Los atentados suicidas en Afganistán se han incrementado de manera tan dramática en los últimos años que ahora los atacantes, a quienes les prometen el paraíso tras inmolarse, tienen un cementerio propio en Kabul. Su objetivo son los soldados extranjeros, las fuerzas de seguridad, miembros del gobierno u otras personas. Se acercan a sus víctimas en coches convertidos en bombas rodantes o lo hacen a pie, portando los explosivos en sus cinturones.
Si están cerca, se hacen estallar en el aire para que mucha gente los acompañe en la muerte. Durante la guerra contra los odiados ocupantes soviéticos en los años 80 no hubo un solo atentado suicida en Afganistán. Tampoco en 2002, el primer año después de la caída del régimen talibán. Los atentados suicidas comenzaron en 2003, y desde entonces su número ha ido aumentando a pasos agigantados. Hasta fines de noviembre de 2011, las Naciones Unidas registraron un promedio de 12 ataques suicidas por mes.
Los encargados de estos ataques son radicales insurgentes islámicos como los talibanes. Muchos atacantes suicidas esperan a través de su “martirio” en la “guerra santa” contra los infieles ir directamente al paraíso. Sin embargo, el cementerio en las afueras de Kabul donde están enterrados los cuerpos mutilados de estos “mártires” no se asemeja a un edén.
En el cementerio en Kala-e-Haschmat Khan también se entierra a los vecinos del barrio. Algunos tienen magníficas tumbas mientras otros yacen alineados uno al lado del otro, sin placa con nombre o fechas de nacimiento y muerte. También yacen residentes de la capital cuyos familiares no pudieron pagar el entierro. Y los atacantes suicidas.
En una pared junto al cementerio está pintado el número de teléfono móvil del “sepulturero”. Hadiullah viene rápidamente cuando lo llaman. Todos los atacantes suicidas que se inmolaron en la provincia de Kabul son llevados al cementerio, dice el joven de 18 años. Pero no sabe en cuántas fosas comunes se encuentran enterrados, pero debe haber decenas, dice. “Este lugar es ahora de los terroristas suicidas”, señala Hadiullah.

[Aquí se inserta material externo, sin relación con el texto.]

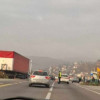 Saobraćajna nesreća na putu Sarajevo - Hadžići: Vozilo udarilo pješaka, saobraćaj otežan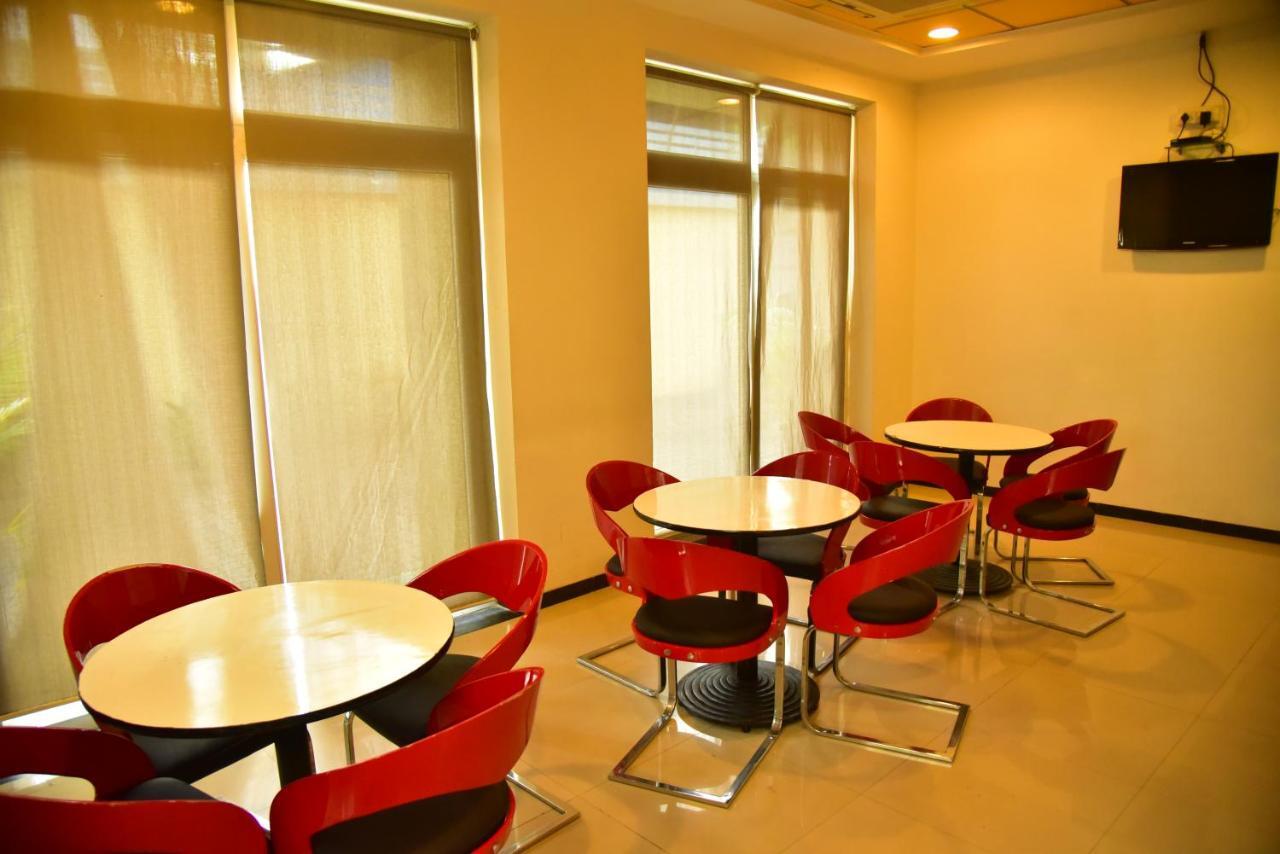 Hi 5 Hotel & Experience Nashik Esterno foto
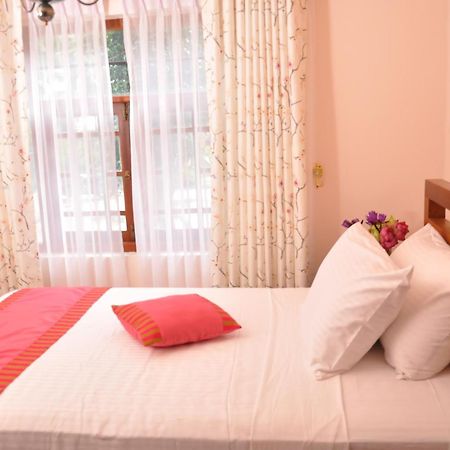 Sobaya Hotel Kandy Eksteriør bilde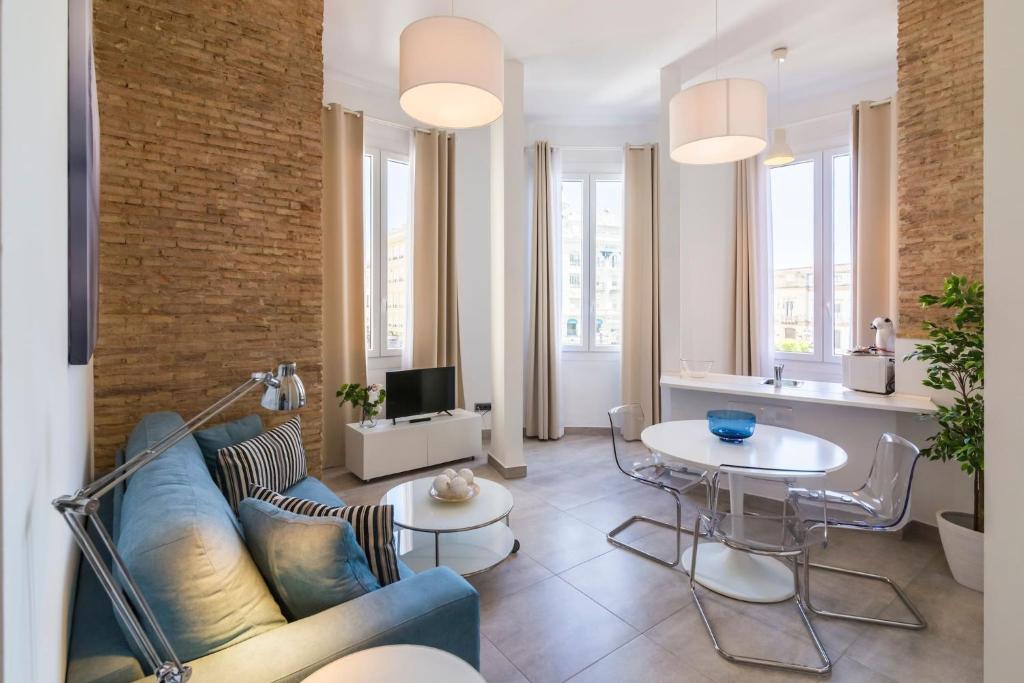 un soggiorno con un divano e un tavolo di Apartamentos Tendillas a Cordoba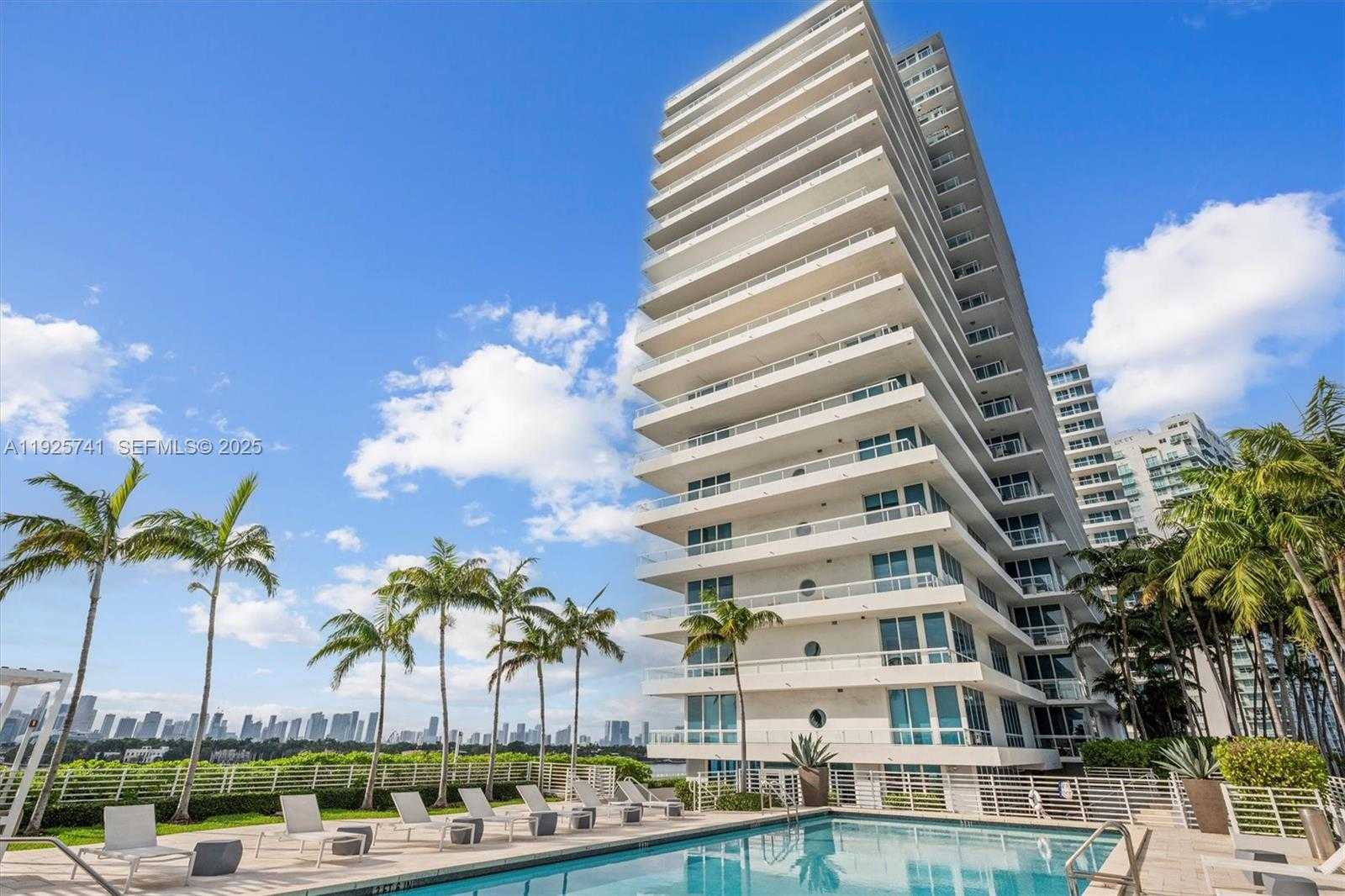 Small Image of 520 WEST AVE #1701, Miami Beach Number 1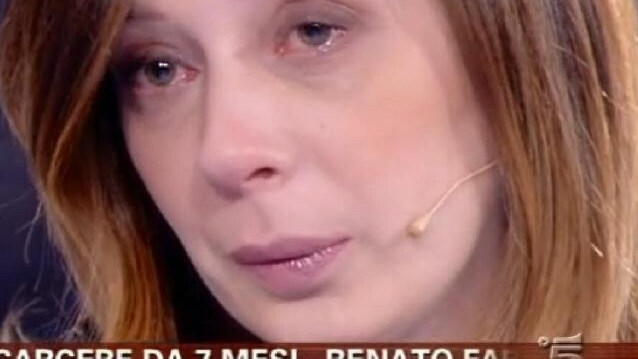 Diana Mora, la figlia del più famoso Lele, conferma il tentativo di suicidio da parte di suo padre risalente allo scorso 30 dicembre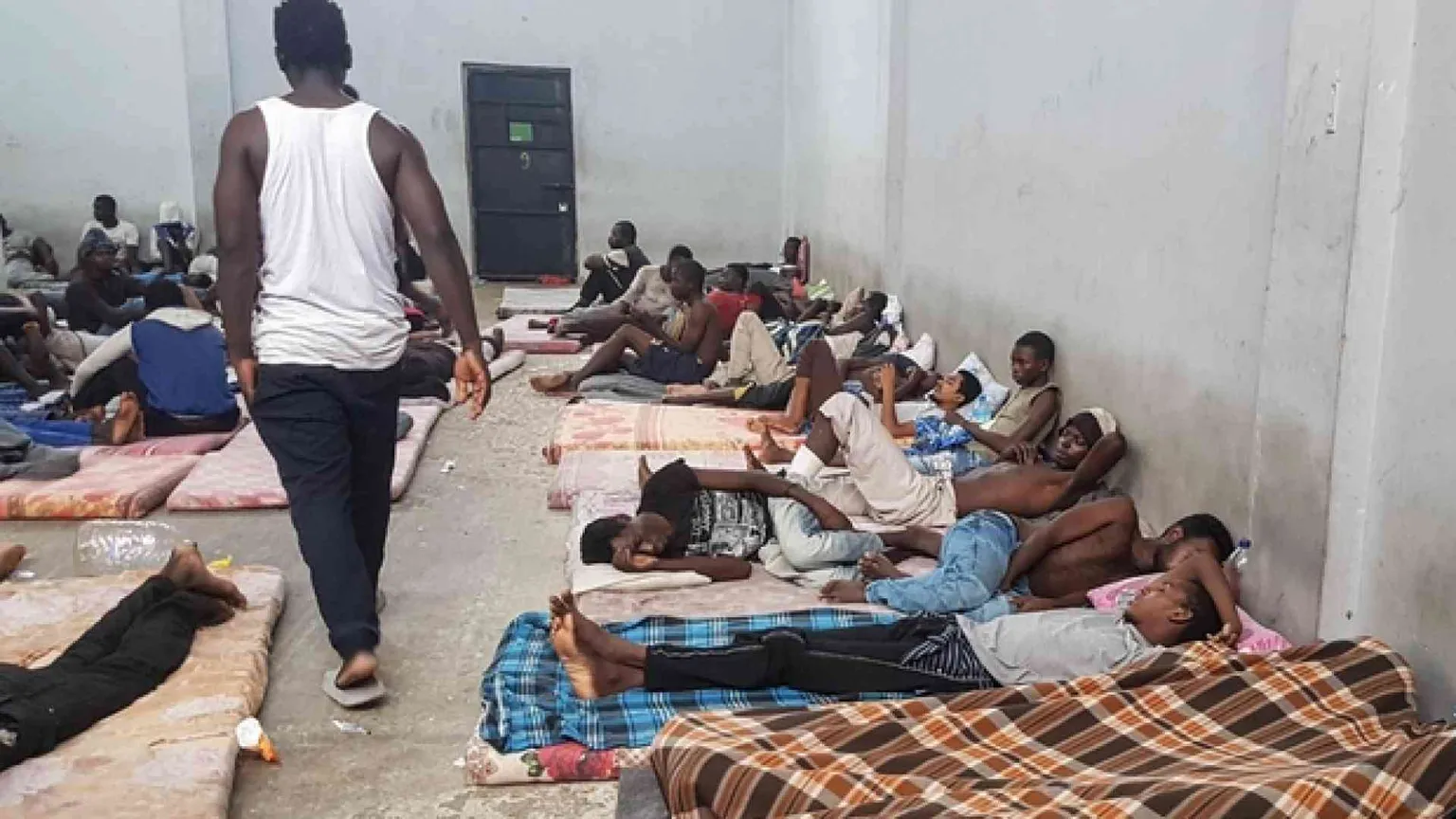 Onu: in Libia la polizia vende i profughi ai trafficanti, ma l'Europa tace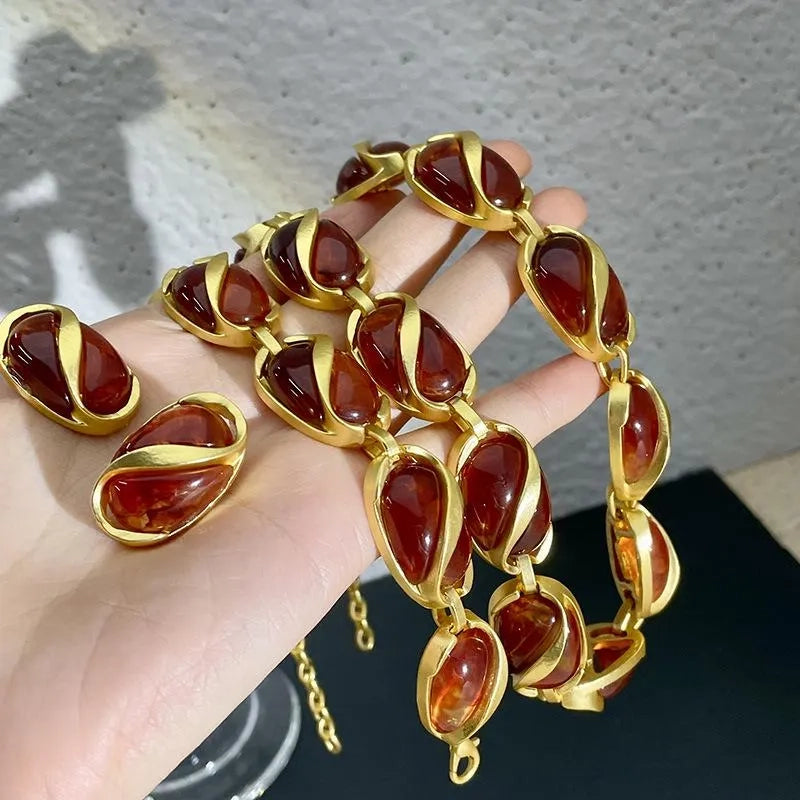 Set vintage fatto a mano con perline di cristallo marrone: collana, orecchini e bracciale. Regalo di Natale o di compleanno.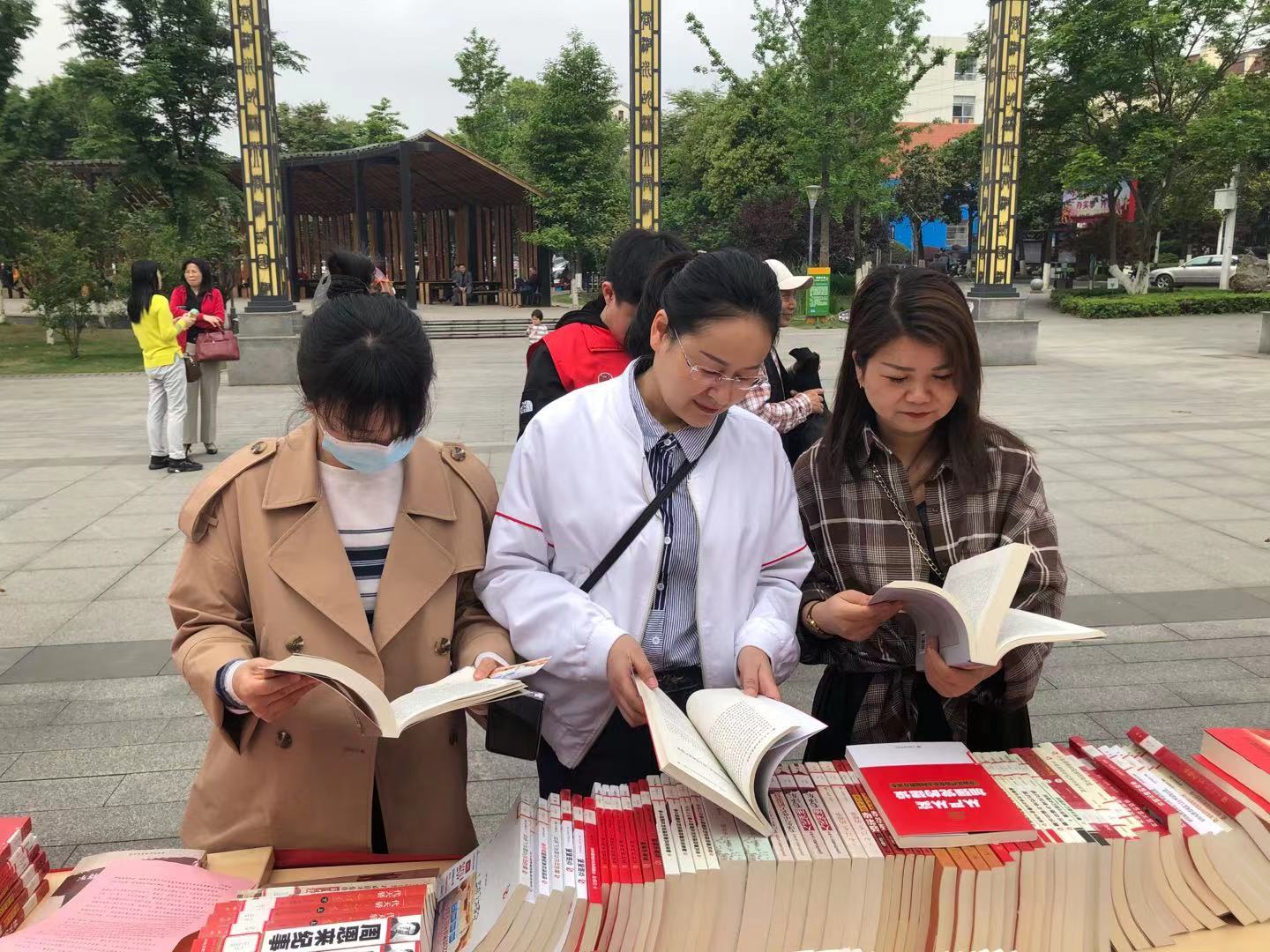 汉寿县医疗保障局：读红色经典书籍  深入推进党史教育学习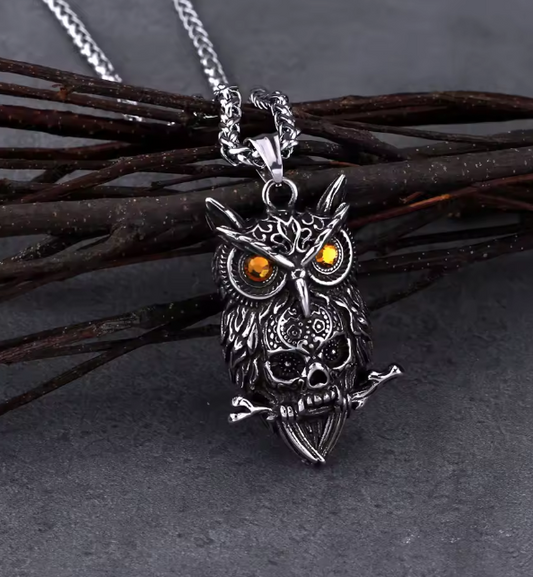 Pandantiv Gotic: Stăpâna Nopții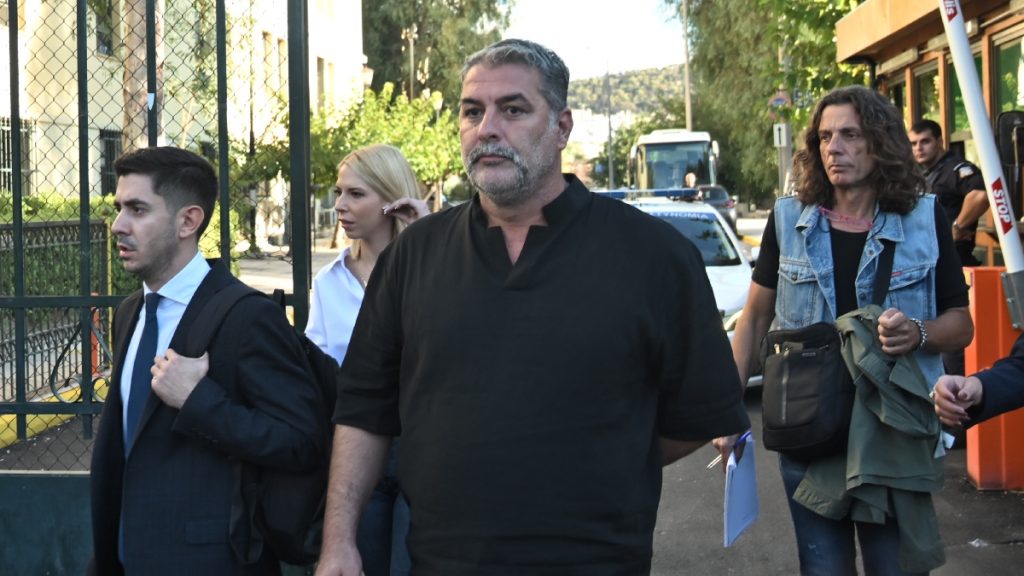 Βασίλης Μπισμπίκης: Το τηλεφώνημα στην ΕΛΑΣ 10 ώρες μετά το τροχαίο στη Φιλοθέη και τα θολά σημεία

Al fin y al cabo, sus restos deben ser enterrados en algún lugar, “sino se los comen los perros”. Los familiares nunca visitan las tumbas. Les temen a las fuerzas de seguridad. En una colina sobre el cementerio hay un puesto de control policial. Los muertos son llevados primero a la morgue de la capital y luego son trasladados al cementerio en ambulancia. Los restos mutilados llegan en general en bolsas de plástico. Algunas partes del cuerpo están quemadas, otras manchados de sangre.
En la ambulancia también va un enterrador municipal. No es el trabajo de Hadiullah y él está agradecido por eso. “Odio a los terroristas suicidas. No quiero cavar tumbas para ellos”, dice el sepulturero, que admitió que reza versos del Corán frente a tumbas de drogadictos anónimos, pero no de atacantes que “llevan tristeza a la familia y a amigos”. Un vecino del cementerio dice que no tiene nada en contra de que se entierre ahí a los rebeldes islámicos. No es amigo de los ataques suicidas, pero tampoco de las fuerzas internacionales que están desplegadas en su país.
“Son musulmanes y deben ser enterrados respetuosamente “, afirma el hombre, aunque Hadiullah no está de acuerdo. “La madre de los atacantes suicidas era musulmana, el padre era musulmán y él mismo nació como musulmán. Pero si me hago estallar en el aire para matar a otros, no soy un musulmán””, sentencia Hadiullah.